A message sent Tuesday feels timely.
The same message sent Friday often doesn’t.
Reflection
- What day will assignments happen each week?
- Who is responsible?
- Which touchpoints will you start with?
- Which assignment model will you use?
2. What Do I Do When I’m Assigned Someone?
Action, Completion, and Accountability
What “Done” Means
A touchpoint is only complete when it is logged in Nurture.
Not when:
- The text was sent
- The call happened
👉 If it’s not logged, it doesn’t exist to your team.
Logging creates:
- Visibility
- Accountability
- Historical context
What You Can Do in Nurture
From a congregant’s profile, you can:
- Send a text
- Send an email
- Log a conversation
- Schedule a meeting
Everything happens in one place and everything is tracked.
The Weekly Deadline
All assignments should be completed before your next staff or team meeting.
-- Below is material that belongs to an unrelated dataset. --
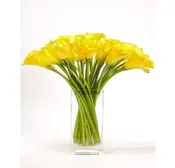 Yellow Simplicity Calla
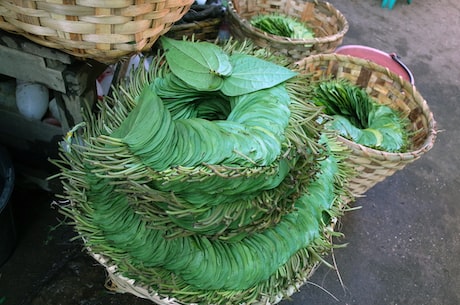 湄潭翠芽(湄潭翠芽：一个让人流连忘返的美丽地方)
This creates a natural rhythm:
- Assign on Tuesday
- Complete before meeting
- Review together
👉 This is the single biggest driver of adoption.
Who Should Have Access
Start with staff only.
After ~60 days of consistent usage:
- Expand to trusted volunteer leaders
👉 Train staff first so they can coach others well.
What Good Follow-Up Sounds Like
Keep it:
- Short
- Warm
- Personal
Example:
“Hey [Name], this is [Staff Member] from [Church Name]. Just checking in on you, how can we be praying for you?”
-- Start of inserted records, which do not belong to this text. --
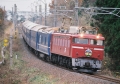 iii2.jpg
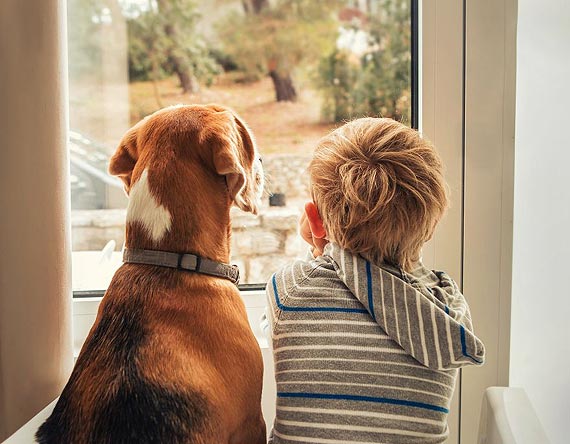 Pies – przyjaciel czy wrg maego dziecka?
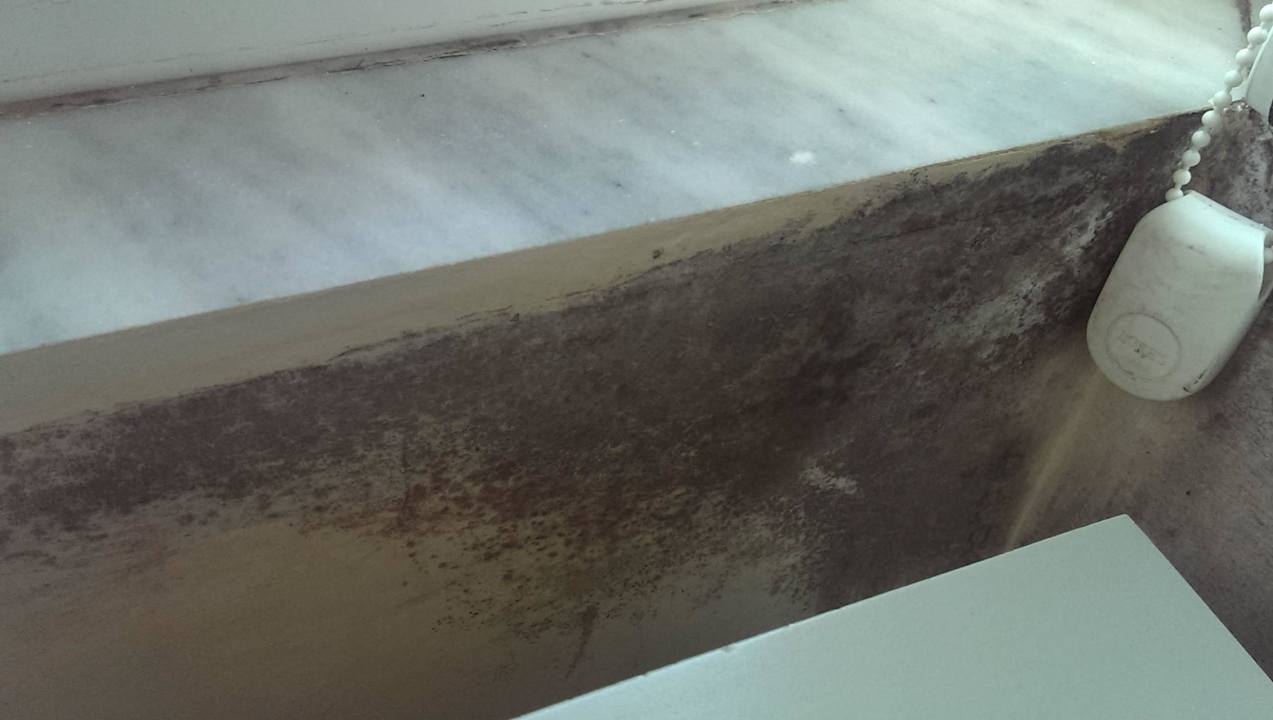 Noch mehr Schimmel Grand Hotel Saranda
👉 The goal isn’t to reference data, it’s to show they were noticed.
Reflection
- What meeting will anchor your completion deadline?
- Who should have access today?
- What does great follow-up sound like in your church?
3. How Do We Know It’s Working?
Outcomes, Not Just Activity
Measure What Matters
Most teams track:
- Touchpoints completed
Healthy teams track:
- Re-engagement
👉 Activity matters but outcomes matter more.
What to Look For
From your dashboard, you can see:
- Who was assigned
- What was completed
- What was communicated
- Who re-engaged
👉 Re-engagement is the true measure of effectiveness.
What Success Looks Like
Churches with consistent rhythms see significantly higher re-engagement:
- 41.8% of at-risk attendees return
- 73.1% of at-risk volunteers re-engage
- 39.9% of at-risk donors begin giving again
👉 These results come from consistency not complexity.
Your Weekly Health Check
Spend 15 minutes reviewing:
- Were assignments made?
- Were they completed on time?
- Did anyone re-engage?
- Does anything need escalation?
Reflection
- Who reviews outcomes weekly?
- How will you celebrate wins?
- What is your target completion rate?
Building Toward Automation
When and What to Automate
When to Automate
After 4–6 weeks, look for patterns.
👉 If the same assignment goes to the same role every week, automate it.
The Automation Test
Has the same assignment gone to the same person or role for 4 weeks in a row?
- Yes → Automate
- No → Keep manual
Best Candidates for Automation
- First-time guests → Connections Pastor
- First-time givers → Generosity Pastor
- Next steps completers → Discipleship team
- At-risk volunteers → Ministry leader
Why This Matters
Automation increases efficiency but rhythm builds judgment.
👉 You need both. In that order.
Reflection
- What can be automated now?
- Who will manage automation going forward?
Final Thought
Most churches want to care well.
Few build the systems to do it consistently.
This article gives you that system.
When your team follows this rhythm:
- People are noticed
- Follow-up is consistent
- Leaders are aligned
- Care becomes culture
👉 And no one falls through the cracks.